**REQUIRED WORK**
The part below that opens with the line containing "Property #ENT0242696, House" and closes with the line containing "renault scenic ii del año 2004" should be copied exactly, minus any pictures.

**TASK INPUTS**
============
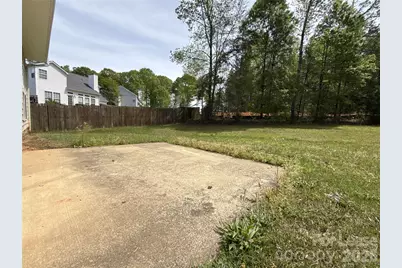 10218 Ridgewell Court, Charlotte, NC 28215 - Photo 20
============
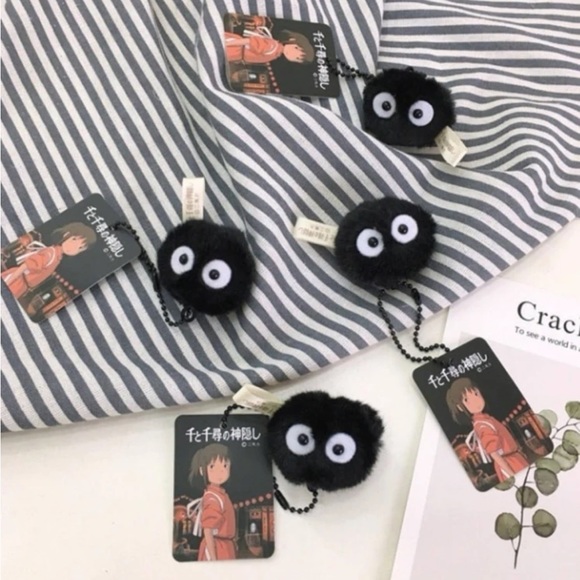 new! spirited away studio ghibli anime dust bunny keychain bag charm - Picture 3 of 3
============
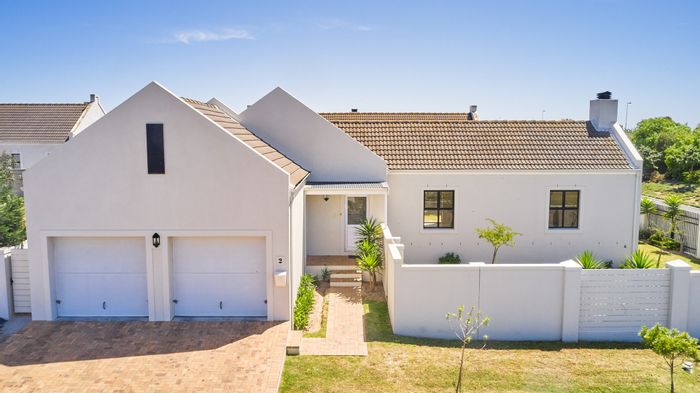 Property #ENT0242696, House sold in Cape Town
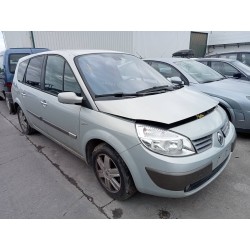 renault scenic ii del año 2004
============
**ANSWER SPACE**
 Property #ENT0242696, House sold in Cape Town
 renault scenic ii del año 2004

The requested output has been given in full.